La storia della Maserati è contrassegnata da numerosi passaggi di proprietà. Dopo la famiglia Orsi, subentra nella gestione Citroen che la detiene dal 1968 al 1975.

Nel 1975 troviamo alla guida della Casa del Tridente Alejandro de Tomaso, l'uomo del rilancio a cui va il merito di aver proposto la Biturbo, la vettura giusta in un periodo difficile della vita italiana che non vede di buon occhio l'ostentazione, e, quindi, della Maserati stessa. Paradossalmente è anche l'uomo del decadimento degli anni '90per via di una politica commerciale poco innovativa e non attenta alla qualità del prodotto.

Intanto, nel 1984, è Chrysler ad entrare nel pacchetto azionario.Viene prodotta congiuntamente anche una vettura spider per il mercato americano. Nel 1986 la Chrysler passa al 16,5 della quota Maserati annunciando un accordo secondo il quale, entro il 1996, passerà ad un ruolo di maggioranza. Nel 1988 però la Casa americana rinuncia al progetto ed abbandona la Maserati.
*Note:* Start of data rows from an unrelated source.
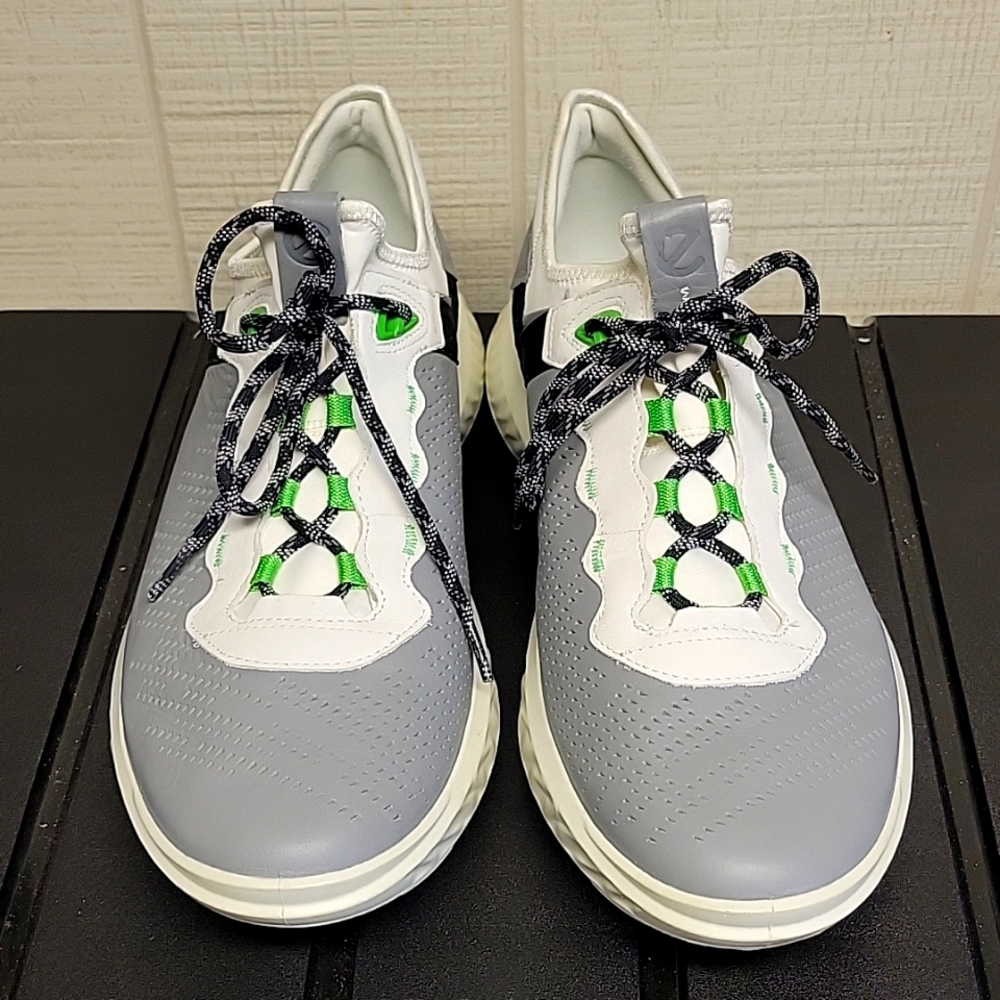 Ecco Hybrids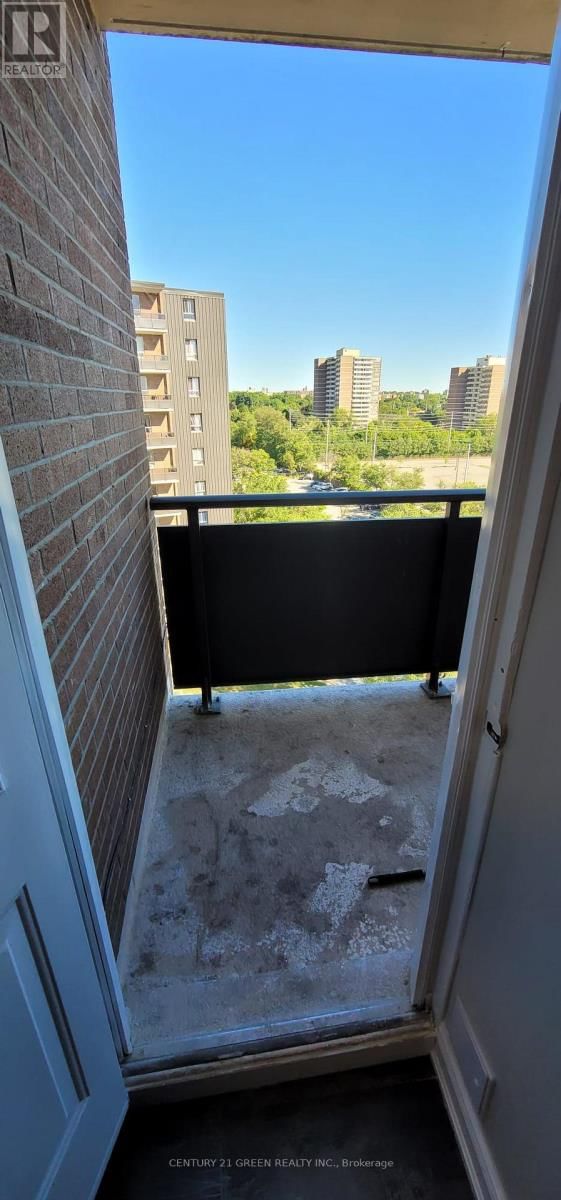 902 - 3065 QUEEN FREDERICA DRIVE Image 21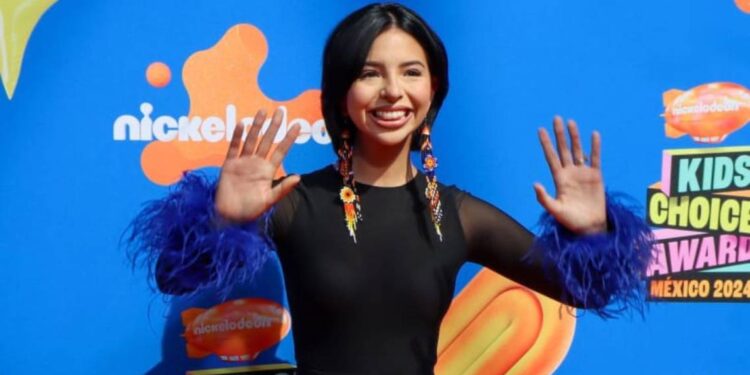 Ángela Aguilar y Christian Nodal Viven Momentos Incomodos en Premios Públicos: Entre Abucheos y Gritos de Apoyo a Cazzu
Dal mese di luglio 1997, la Maserati, dopo essere stata acquistata da FIAT Auto nel 1993, fa parte al 100% della Ferrari S.p.A.. Presidente è Luca di Montezemolo, nome a tutti noto fin dai primi anni Settanta, che riveste la stessa carica anche in Ferrari.

I programmi per un pronto rilancio non si sono fatti attendere così come i primi incoraggianti risultati. In poco più di un anno è stato rinnovato lo storico stabilimentodi viale Ciro Menotti a Modena, razionalizzato i metodi produttivi e riorganizzata la rete commerciale.